Using a filter, one can further zoom in on the cytoplasmic rings by reducting the data to those particles, for which the rotation transporting their orientation to that of a neighboring one is close to being a rotation around the intrinsic z-axis.

Furthermore, a focus on the eight-fold symmetry of the NPC is implemented in the form of restrictions on the geodesic distance in radians. It is restricted to what is expected for the relative orientation between neighboring SUs i, i+1 (2pi/8), with some room for noise.

max_angle = np.degrees(0.5) # tolerance

z_axis_filtered = tango.AxisRot(twist_desc= cylinder_supp.support, max_angle= max_angle)

# focus on required eight-fold symmetry of the CR.

df = z_axis_filtered.filter.df.copy()

# By removing the comment in the line of code below, SUs which are included which have a relative orientation close to 4pi/8, which is expected for SUs i, i+2.
df = df[((df['geodesic_distance_rad'] > 0.7) & (df['geodesic_distance_rad'] < 0.9))] # | ((df['geodesic_distance_rad'] > 1.4) & (df['geodesic_distance_rad'] < 1.7))]

# update the descriptor's data frame in order to use the built-in methods more easily.

z_axis_filtered.filter.df = df

Intersecting supports can be deduced from a data frame by treating subtomogram ids as nodes in a graph and connecting them whenever they form a ‘qp_id’–‘nn_id’–pair in a given row of that data frame.

The resulting graph decomposes into connected components which are computed from a twist descriptor using the proximity clustering method.

Here, it is applied to the most recent cleaning results.
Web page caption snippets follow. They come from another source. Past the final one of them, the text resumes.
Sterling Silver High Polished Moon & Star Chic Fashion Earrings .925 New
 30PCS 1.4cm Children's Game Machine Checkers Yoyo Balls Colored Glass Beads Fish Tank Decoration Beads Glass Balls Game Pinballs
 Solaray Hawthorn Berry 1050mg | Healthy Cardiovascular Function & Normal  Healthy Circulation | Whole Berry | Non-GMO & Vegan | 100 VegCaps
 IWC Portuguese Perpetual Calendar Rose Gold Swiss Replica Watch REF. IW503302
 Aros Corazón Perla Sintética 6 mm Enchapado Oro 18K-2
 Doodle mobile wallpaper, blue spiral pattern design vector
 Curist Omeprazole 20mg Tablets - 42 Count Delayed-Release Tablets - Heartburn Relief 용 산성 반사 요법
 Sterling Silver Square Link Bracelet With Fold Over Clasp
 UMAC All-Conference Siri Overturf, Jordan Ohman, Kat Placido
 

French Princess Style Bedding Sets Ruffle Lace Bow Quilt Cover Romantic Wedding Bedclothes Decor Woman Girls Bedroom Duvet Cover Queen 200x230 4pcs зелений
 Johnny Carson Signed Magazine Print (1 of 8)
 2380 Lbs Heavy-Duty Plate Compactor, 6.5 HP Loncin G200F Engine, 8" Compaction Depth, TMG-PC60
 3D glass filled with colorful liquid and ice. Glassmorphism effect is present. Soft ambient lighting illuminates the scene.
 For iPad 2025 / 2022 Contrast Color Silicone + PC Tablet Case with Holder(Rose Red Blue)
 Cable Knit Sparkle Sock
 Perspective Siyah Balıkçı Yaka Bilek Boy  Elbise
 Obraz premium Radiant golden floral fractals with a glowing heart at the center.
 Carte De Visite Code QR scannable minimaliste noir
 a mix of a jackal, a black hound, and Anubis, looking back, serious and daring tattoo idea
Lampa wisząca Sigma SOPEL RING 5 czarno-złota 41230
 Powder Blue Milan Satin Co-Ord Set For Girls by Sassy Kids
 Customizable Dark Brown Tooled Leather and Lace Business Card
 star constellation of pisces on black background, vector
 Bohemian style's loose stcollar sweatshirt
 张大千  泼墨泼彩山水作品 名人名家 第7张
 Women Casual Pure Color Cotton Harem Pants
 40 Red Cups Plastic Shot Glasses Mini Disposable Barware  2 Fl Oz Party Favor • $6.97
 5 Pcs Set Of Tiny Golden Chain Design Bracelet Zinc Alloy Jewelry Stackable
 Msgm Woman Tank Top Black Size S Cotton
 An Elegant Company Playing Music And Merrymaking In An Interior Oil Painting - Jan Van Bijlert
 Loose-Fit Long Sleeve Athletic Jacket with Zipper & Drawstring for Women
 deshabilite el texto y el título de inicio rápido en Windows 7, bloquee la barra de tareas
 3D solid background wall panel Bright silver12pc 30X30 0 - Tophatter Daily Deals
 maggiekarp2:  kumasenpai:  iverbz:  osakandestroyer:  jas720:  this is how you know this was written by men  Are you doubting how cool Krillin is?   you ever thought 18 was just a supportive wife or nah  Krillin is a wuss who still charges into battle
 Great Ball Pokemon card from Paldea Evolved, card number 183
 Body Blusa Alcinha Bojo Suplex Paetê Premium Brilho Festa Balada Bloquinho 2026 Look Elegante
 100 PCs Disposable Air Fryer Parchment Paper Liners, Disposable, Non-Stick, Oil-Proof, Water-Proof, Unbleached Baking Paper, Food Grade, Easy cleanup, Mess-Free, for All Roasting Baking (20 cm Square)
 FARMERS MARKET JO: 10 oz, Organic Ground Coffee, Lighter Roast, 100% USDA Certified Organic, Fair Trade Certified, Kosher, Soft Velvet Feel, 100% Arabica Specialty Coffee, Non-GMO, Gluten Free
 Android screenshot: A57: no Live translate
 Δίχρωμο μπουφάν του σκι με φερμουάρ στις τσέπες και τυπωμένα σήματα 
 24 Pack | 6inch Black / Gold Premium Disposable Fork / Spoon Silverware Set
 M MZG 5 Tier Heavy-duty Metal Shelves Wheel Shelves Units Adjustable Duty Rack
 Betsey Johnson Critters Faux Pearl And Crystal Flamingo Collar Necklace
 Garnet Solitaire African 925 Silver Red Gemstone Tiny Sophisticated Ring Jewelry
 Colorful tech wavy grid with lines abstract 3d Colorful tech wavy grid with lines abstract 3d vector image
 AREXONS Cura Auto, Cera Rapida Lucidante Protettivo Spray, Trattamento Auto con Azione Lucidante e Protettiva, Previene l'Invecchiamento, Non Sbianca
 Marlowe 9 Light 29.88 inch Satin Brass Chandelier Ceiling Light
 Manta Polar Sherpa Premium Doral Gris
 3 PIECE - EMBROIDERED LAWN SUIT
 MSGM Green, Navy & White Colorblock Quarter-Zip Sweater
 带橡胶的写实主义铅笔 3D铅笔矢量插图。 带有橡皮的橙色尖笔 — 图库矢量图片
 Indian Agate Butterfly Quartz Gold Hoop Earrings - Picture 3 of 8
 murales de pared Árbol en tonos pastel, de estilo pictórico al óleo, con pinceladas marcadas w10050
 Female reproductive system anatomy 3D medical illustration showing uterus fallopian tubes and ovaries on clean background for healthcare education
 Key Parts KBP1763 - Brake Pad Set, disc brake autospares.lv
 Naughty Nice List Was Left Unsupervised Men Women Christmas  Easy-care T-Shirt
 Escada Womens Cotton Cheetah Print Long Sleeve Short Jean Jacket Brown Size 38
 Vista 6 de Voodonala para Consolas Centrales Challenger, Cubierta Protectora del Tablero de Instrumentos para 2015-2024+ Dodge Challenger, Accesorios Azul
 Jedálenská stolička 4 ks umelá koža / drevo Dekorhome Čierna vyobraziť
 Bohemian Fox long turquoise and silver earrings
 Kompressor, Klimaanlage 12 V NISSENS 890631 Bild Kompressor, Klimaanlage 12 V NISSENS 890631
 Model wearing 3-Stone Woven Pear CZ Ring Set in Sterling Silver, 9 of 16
The parameter size_connected_components represents a lower bound for the amount of particles (nodes) per connected component.

This is chosen as 3, meaning that data is grouped into a CR if there are at least 3 SU in the same connected component.

S = z_axis_filtered.filter.proximity_clustering(size_connected_components= 3)

Each connected component is a networkx Graph object, the nodes of which are subtomogram ids, which can be used to get subsets of the input motivelist in order to label that sublist, before concatenating them into the output motive list.

out_motl = cryomotl.Motl()

for i, G in enumerate(S):

    subtomo_indices = list(set(G.nodes()))

    sub_motl = vis_motl.get_motl_subset(subtomo_indices, feature_id= 'subtomo_id')

    sub_motl.df['geom1'] = i * np.ones(sub_motl.df['geom1'].shape[0])

    out_motl = out_motl + sub_motl

out_motl.write_out('cr_components_tutorial.em')

The results can be visualized and inspected. Labels separating NPCs are included.